Step 1: Split data into train and test data
library(caTools)
set.seed(123)
split <- sample.split(hr, SplitRatio = 0.75)
#split
training_set = subset(hr, split == TRUE)
test_set = subset(hr, split == FALSE)Step 2: Fitting Random Forest Classifier into the Training set
# install.packages('randomForest')
library(randomForest)
classifier <- randomForest(x = training_set[-7],
y = training_set$left,
ntree = 500)
#bestmtry<-tuneRF(training_set,training_set$left,stepFactor = 1.2,improve = 0.01,trace = T,plot = T)I am running my classifier using a random forest function, the ntree is an arbitrary number of trees to help me determine later if my model still needs optimization or has stabilized.
Step 3: Predicting test set data using training set
y_pred = predict(classifier, newdata = test_set[-7])
#y_predStep 4: Model Evaluation by checking accuracy using a confusion matrix
cm <- table(test_set$left,y_pred)
misClassError<-mean(test_set$left!=y_pred)
#print(paste('Accuracy=',1-misClassError))
library(caret)
confusionMatrix(cm)## Confusion Matrix and Statistics
##
## y_pred
## 0 1
## 0 3424 5
## 1 28 1043
##
## Accuracy : 0.9927
## 95% CI : (0.9897, 0.9949)
## No Information Rate : 0.7671
## P-Value [Acc > NIR] : < 2.2e-16
##
## Kappa : 0.9796
##
## Mcnemar's Test P-Value : 0.0001283
##
## Sensitivity : 0.9919
## Specificity : 0.9952
## Pos Pred Value : 0.9985
## Neg Pred Value : 0.9739
## Prevalence : 0.7671
## Detection Rate : 0.7609
## Detection Prevalence : 0.7620
## Balanced Accuracy : 0.9936
##
## 'Positive' Class : 0
## The information I gather from the confusion matrix is; a high degree of accuracy and a general high score in sensitivity and specificity, which is indeed a good model. Doing a quick comparison with decision tree model you realise that there is an improvement with this Random Forest model.
plot(classifier)
The above plot on the classifier illustrate the number of trees that best optimise the model. By growing the trees more and more you understand from the figure if my error decreases or not. If it were still decreasing I would probably go and change, ntree, from my classifier to accomadate this calculation. It is not decreasing further infact it decreased until at some point in 30 trees and there was no improvements by growing more trees.

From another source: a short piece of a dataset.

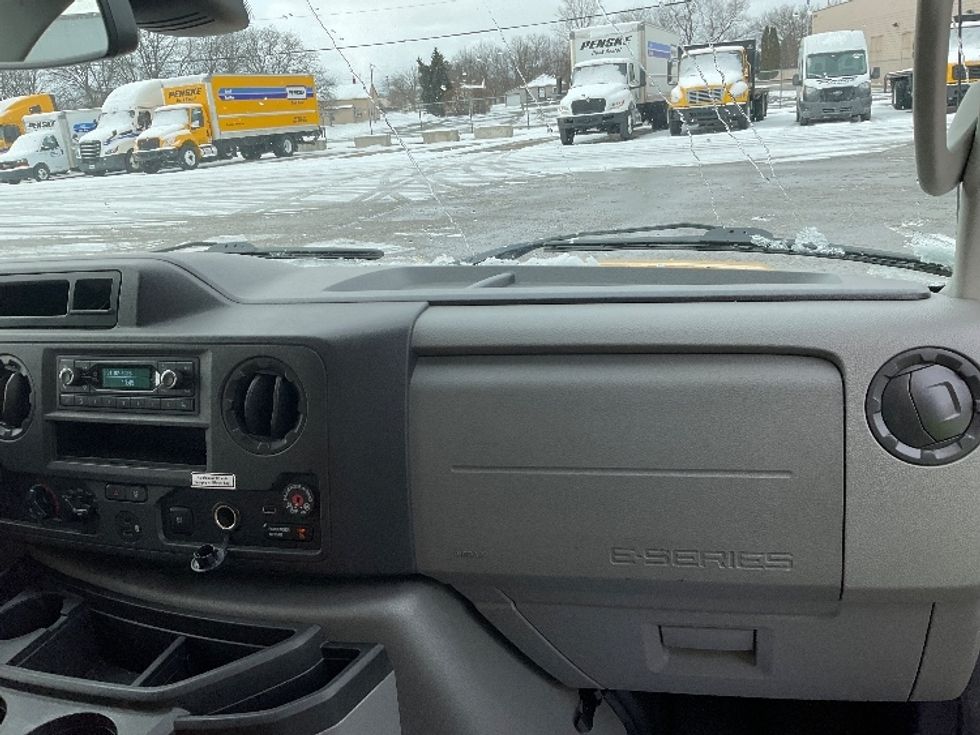 Light Duty Box Truck-Light and Medium Duty Trucks-Ford-2021-E350-Romulus-MI-99,657\n\t\tmiles-$ 25,750 - Image 21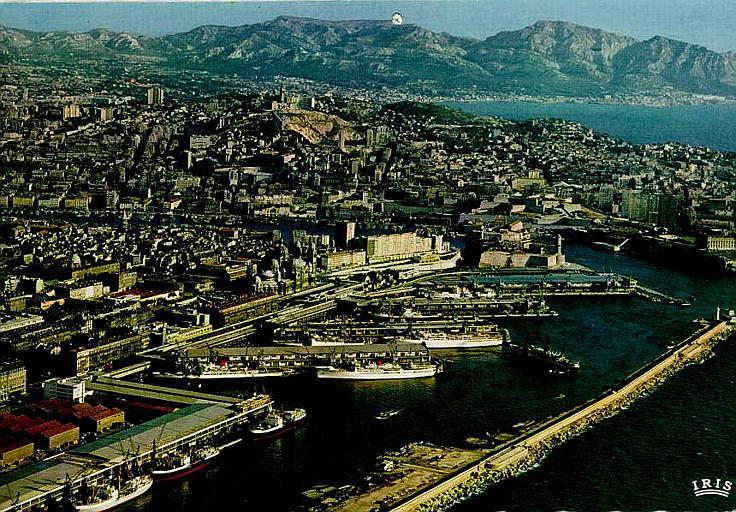 REFLETS DE PROVENCE / MARSEILLE (B.-du-R.) : 13.55 / 15 - Vue aérienne. Le Bassin de / la Joliette. Notre Dame de la Garde / et la corniche_0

importance(classifier)## MeanDecreaseGini
## satisfaction_level 1311.316790
## last_evaluation 450.771887
## number_project 639.670532
## average_montly_hours 562.505808
## time_spend_company 699.796376
## Work_accident 21.226730
## promotion_last_5years 3.825953
## department 66.347186
## salary 30.727622varImpPlot(classifier)
CONCLUSION
The best thing about Random Forest, it has an inbuilt variable importance function, varImpPlot. In earlier models we used to check on p-value but in Random Forest, it is a diagnostic tool to explain the WHY in a problem statement. The most important variable in the analysis is displayed in the plot sequentially to illustrate the significance of each individual attribute.
By looking at the plot you understand why this happened. For instance, why is the organization experiencing staff turnover; you realise that the satisfaction level in this organisation plays a major role with this churn problem. Time spent, number of projects, and average monthly hours put in by the employees comes below respectively. Salary comes a distant 7th in the list.